Price at time of review: $10.95
36 pp.
NSTA Kids
Arlington, VA
2013
ISBN: 9781938946141


Grade Level: K-6


Reviewed by Adah Stock
Master Teacher and a Science Education Consultant


History is interesting, especially when it comes in the form of an endearing story that is well illustrated and fun to read. This book describes the story of how man first flew above the Earth’s surface like the birds do.

The reader learns about the Montgolfier brothers, Joseph and Jacques, who were interested in learning how to make bags rise in the air when heat was added. Their curiosities lead to the very first hot air balloon. Later, experimenting with a newly discovered gas called hydrogen, they noticed that this gas, when filled in a balloon, could float above the Earth. This eventually led to the very first time a human, Pilatre de Rozier, floated above the Earth with the birds. This colorfully illustrated story introduces the reader to the beginning of human endeavors to explore above the earth.

This volume is one of five whose content focuses on Earth science in the “I Wonder Why” series. The stories are all beautifully illustrated on each page. The introduction for adults is identical for all five volumes. Within the introduction the reader learns what scientists do and how they do it. One finds a brief summary of the Earth science topic for each book. The author assures the reader that the content of each book correlates to national science standards. What make each book unique are the last two pages. In this book there are two pages called ‘Parents/Teachers Handbook’. There is more information about the science content of the book and about the inquiry process. The last page contains four activities: seeing the effects of warm air in a paper bag, observing that warmer air seems to be above cooler air, observing that air moving rapidly across the top surface of a wing causes it to lift, and experimenting to see what effect differently shaped wings have on flight.
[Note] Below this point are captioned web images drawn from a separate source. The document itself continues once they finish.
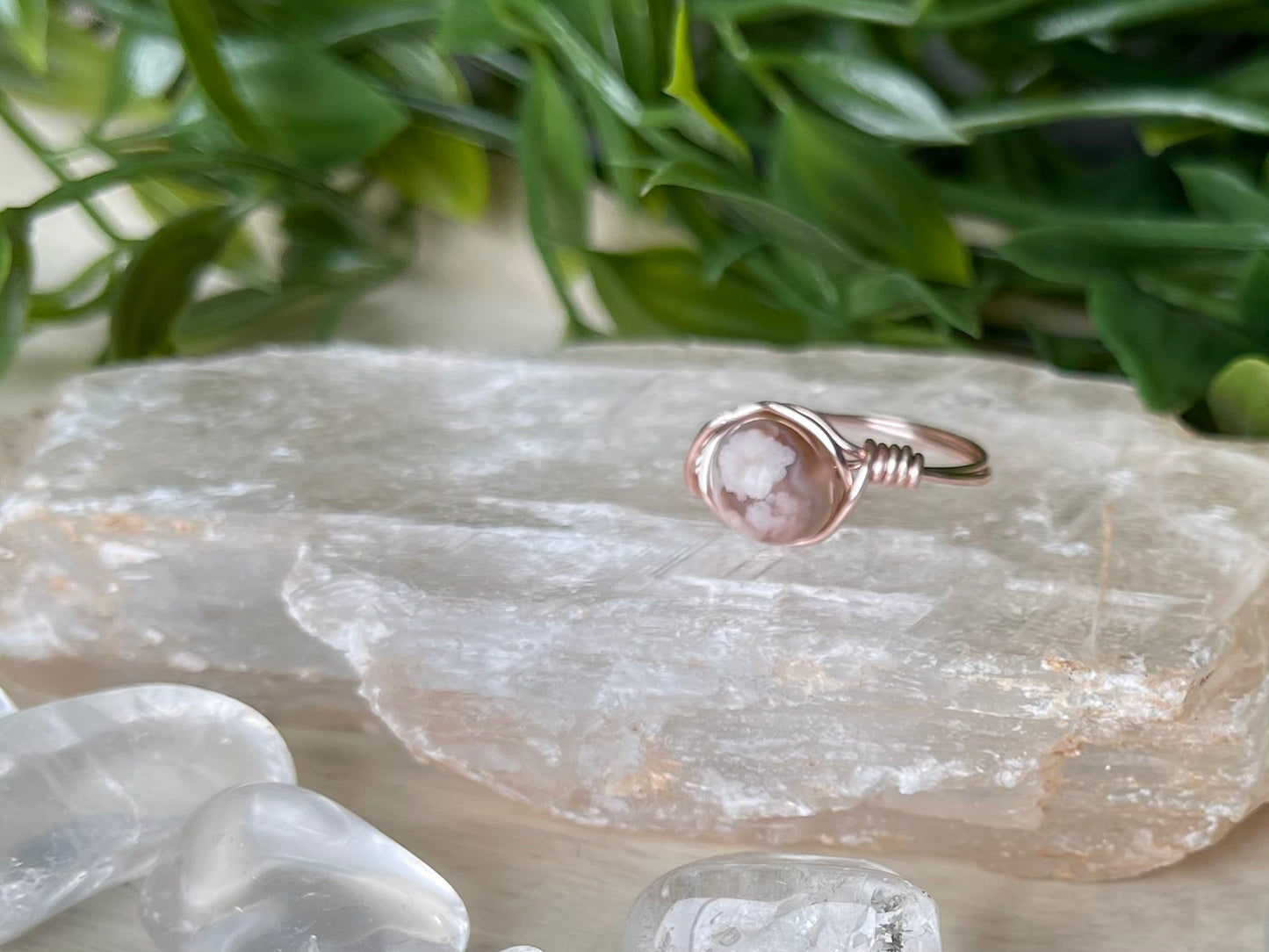 Flower Agate | Ring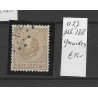 Netherlands 27  with numeral dot cancel 188 VFU/used  CV 29 €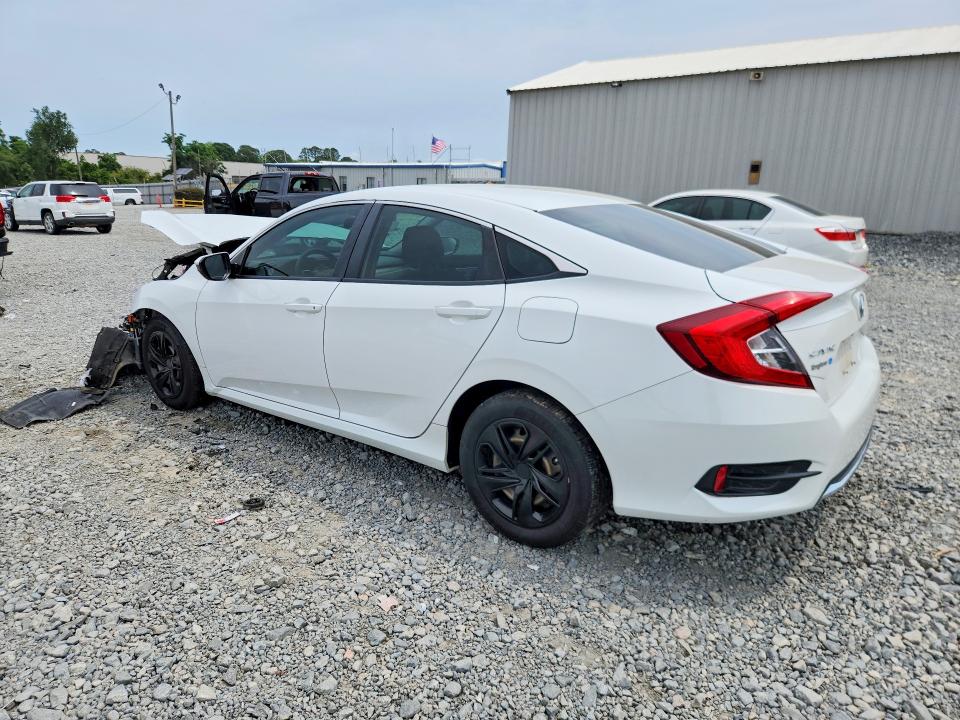 Продаж на аукціоні авто 2019 Honda Civic, vin: 2HGFC2F69KH575285, номер лоту: 51602666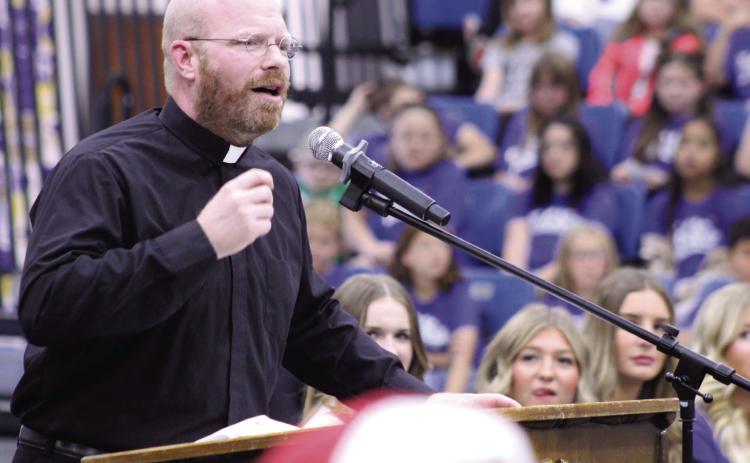 Father Peter Shults speaks about his 10 years in the U.S. Army where he served as a Medic and a Procurement Specialist and about his calling into the priesthood at St. Gregory's Abbey.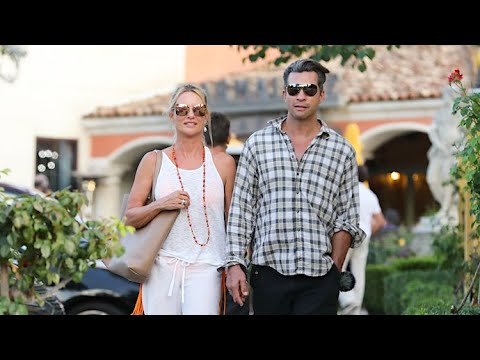 Nicollette Sheridan Is A Knockout As She Holds Hands With Her Hunky Beau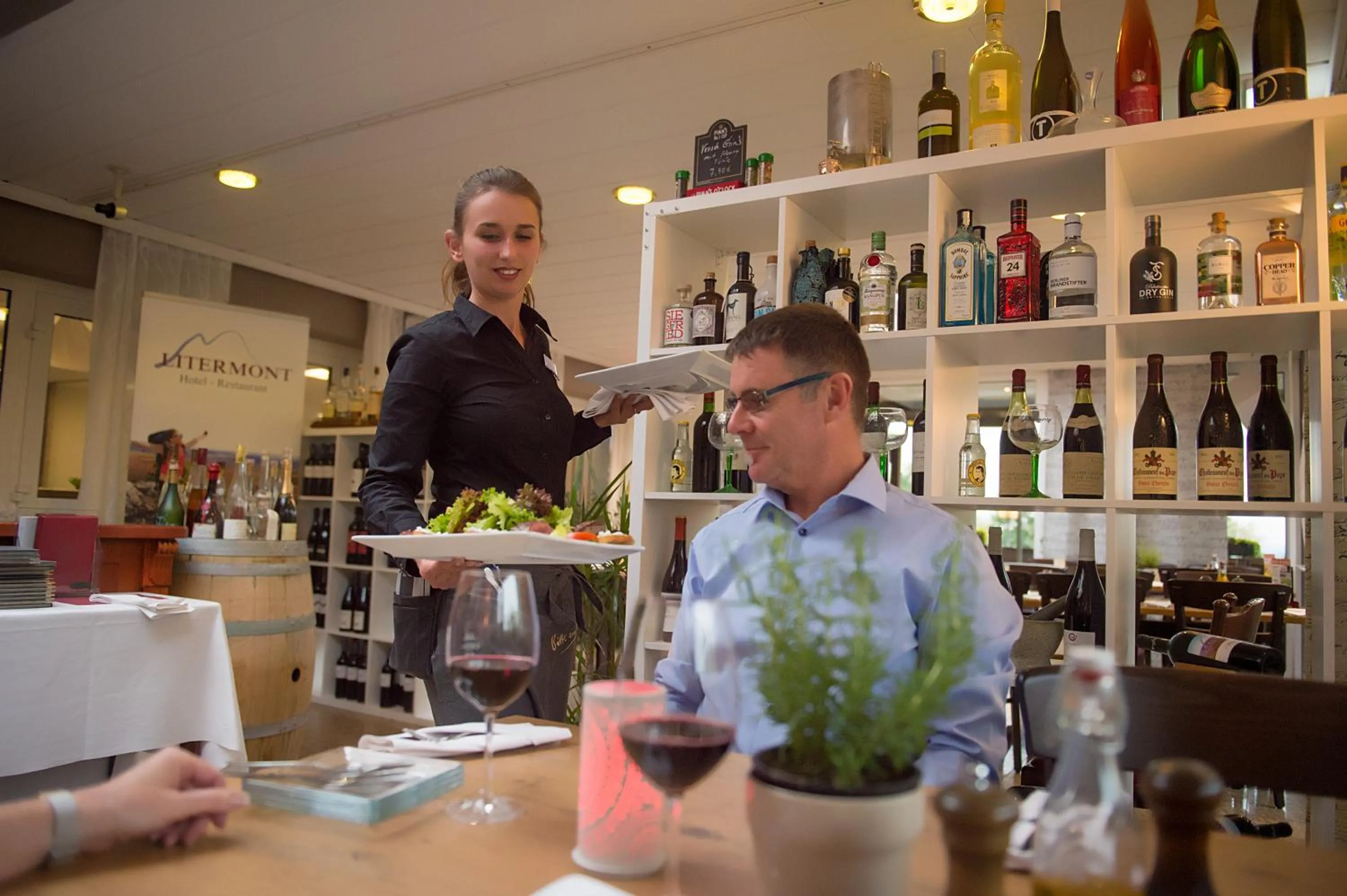 Restaurant/places to eat in Hotel Restaurant Litermont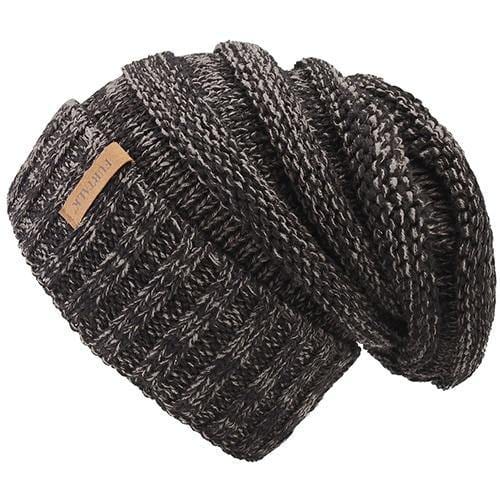 Winter Knitted Slouchy Beanie Hat - Premium Hat - Shop now at San Rocco Italia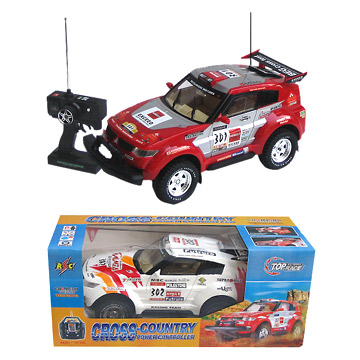  1:10 Scale Cross-Country Remote Control Car (В масштабе 1:10 Беговые дистанционного управления автомобилем)
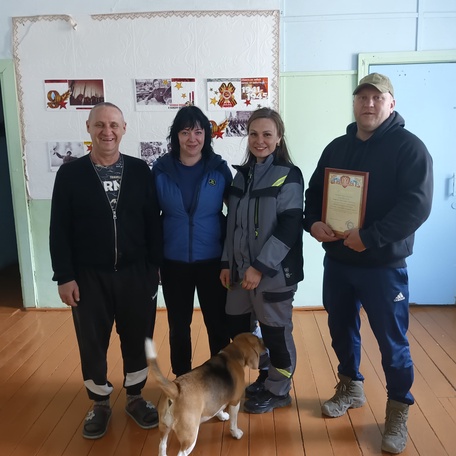 БЛАГОДАРНОСТЬ ЗА ОКАЗЫВАЕМУЮ ПОМОЩЬ И ПОДДЕРЖКУ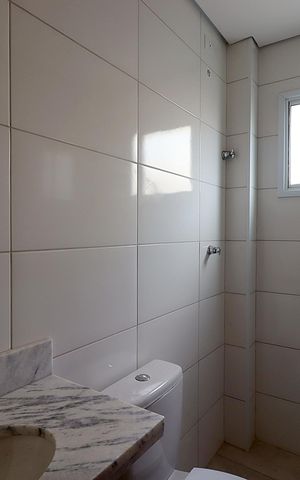 Apartamento à venda com 67m², 2 quartos e 1 vagaBanheiro Social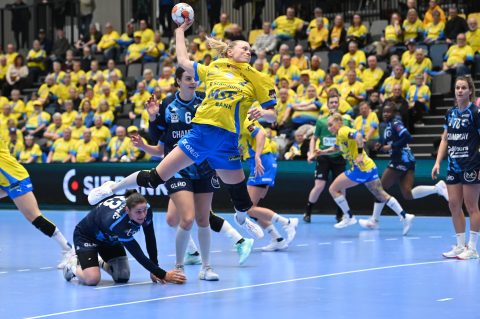 Nykøbing F. Håndboldklub - Chambray Touraine - EHF European League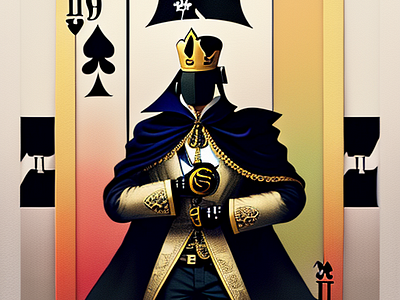 King of Spades 22: by Elvin on Dribbble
As each story unfolds, the reader learns factual science information and about the ways of scientists. Both teachers and parents have opportunities to learn more through content and simple activities they can do with young children. These activities require materials easily found around the home. This series is a must have for both educators and adults who wish to foster wonder and curiosity about the natural world in the lives of the young children around them.